С этим можно было бы согласиться, вот только реальный мир бесконечно больше, чем отражаемая его часть в индивидуальной и общественной мысли, несмотря на всю универсальную отражающую способность последней, но «благодаря» текущему объёму человеческих знаний.
Отмечая недостатки философии Фейербаха, Ильенков пишет:
«…не в созерцании, а в предметно-практической деятельности человек находится в непосредственном контакте с природой, в непосредственном „единстве“ или „тождестве“ с нею. В созерцании индивид находится с нею в опосредствованном единстве и опосредствующим звеном выступает практика»59 .
Однако же это другое «единство» и «тождество»: речь о человеке и природе, а не о мышлении и бытии.
«Фейербах видит это „непосредственное единство“ (тождество) субъекта и объекта, мышления и бытия, понятия и предмета — в созерцании. К Маркс и Ф. Энгельс видят это „непосредственное единство“ (т. е. тождество) субъекта и объекта, мышления и бытия, понятия и предмета — в практике, в предметно-практической деятельности»60 .

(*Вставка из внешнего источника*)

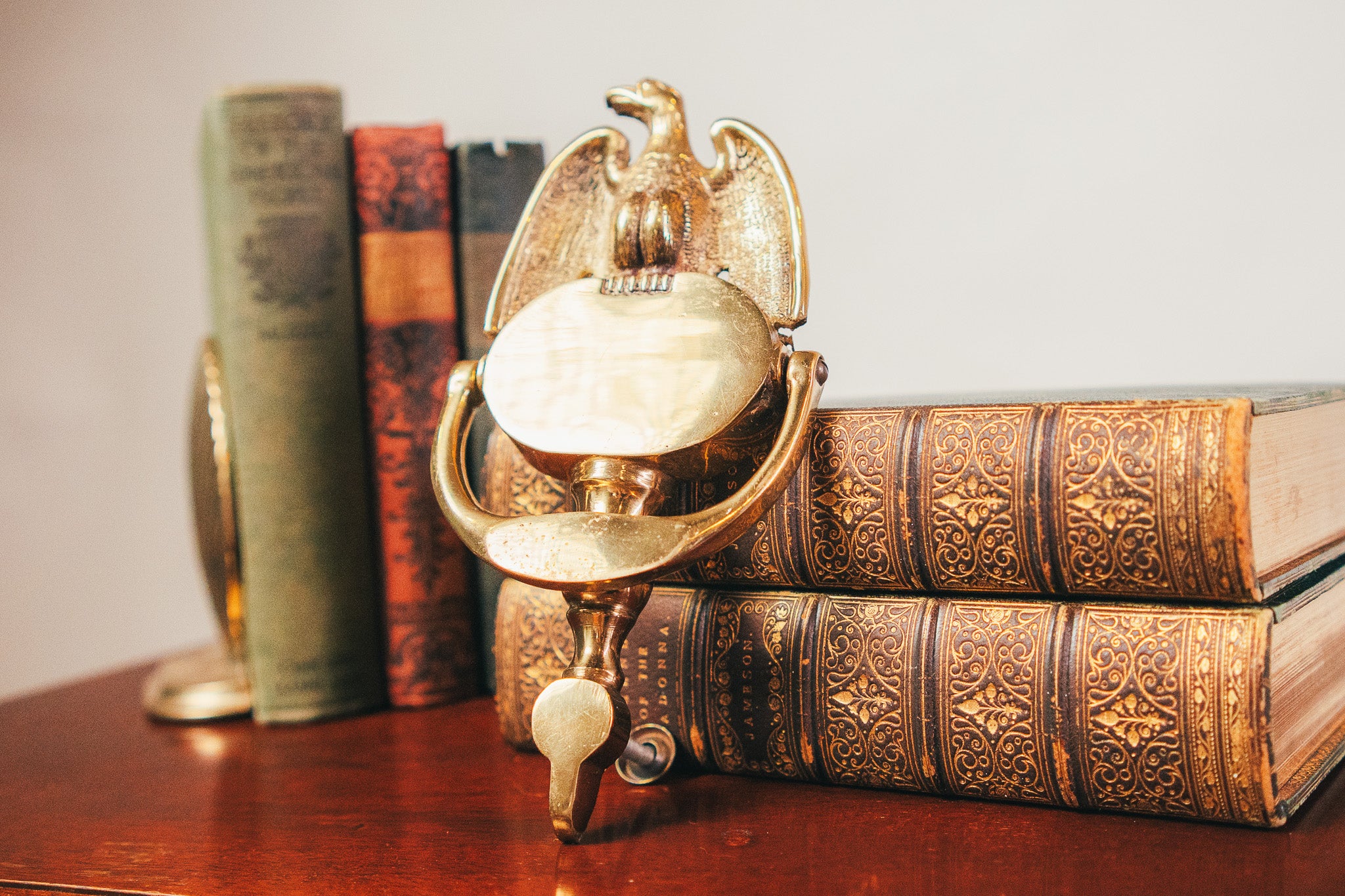 Decorative brass globe on top of vintage books with a blurred bookshelf in the background.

И снова неправомерная попытка представить фейербаховское тождество человека-субъекта и природы-объекта как тождество мышления и бытия.
Здесь к приведённой мною в предыдущей статье цитате Плеханова я добавлю ещё две:
«На самом деле материализм признаёт единство субъекта и объекта, а вовсе не тождество их. И это хорошо выяснено было опять-таки Фейербахом»61 .

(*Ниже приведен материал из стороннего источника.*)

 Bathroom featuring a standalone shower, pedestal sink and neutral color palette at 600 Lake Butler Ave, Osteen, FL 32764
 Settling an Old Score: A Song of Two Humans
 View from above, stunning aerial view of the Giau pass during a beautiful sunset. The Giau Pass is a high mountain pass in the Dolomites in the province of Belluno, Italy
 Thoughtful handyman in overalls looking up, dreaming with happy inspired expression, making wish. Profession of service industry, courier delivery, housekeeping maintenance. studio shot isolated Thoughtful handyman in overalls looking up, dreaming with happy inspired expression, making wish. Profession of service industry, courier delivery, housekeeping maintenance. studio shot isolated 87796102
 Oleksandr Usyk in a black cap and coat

«Единство между мышлением и бытием вовсе не означает и не может означать тождества между ними. Здесь выступает перед нами одна из самых важных черт, отличающих материализм от идеализма»62 .
В какой же момент Ильенков начал чувствовать то, что якобы видят Маркс и Энгельс, непонятно. Ведь они нигде не пишут о «тождестве мышления и бытия в практике» и критикуют этот принцип тождества вообще, а Ленин — ещё и богдановское «тождество общественного сознания и общественного бытия», в частности.
Ильенков продолжает в этом богдановском ключе:
«Мыслит лишь человек, находящийся в единстве с обществом, с общественно производящим свою материальную и духовную жизнь общественно-историческим коллективом. В этом принципиальное отличие Маркса от Фейербаха. Человек, изъятый из сплетения общественных отношений, внутри и посредством которых он осуществляет свой человеческий контакт с природой (т. е. находится в человеческом единстве с нею), мыслит так же мало, как и „мозг“, изъятый из тела человека»63 .
Здесь Ильенков прямо расходится с Энгельсом и Лениным в понимании принципиального отличия марксизма от материализма предшествующего, который, по их словам, был 1) механистичен, 2) антидиалектичен, 3) неисторичен64 . Именно с сохранением идеализма «вверху», в области общественной науки, с непониманием исторического материализма, с непониманием определённой социально-политической ангажированности и детерминации человеческих мыслей связан третий пункт, а вовсе не с тем, что вне общества якобы нет мышления.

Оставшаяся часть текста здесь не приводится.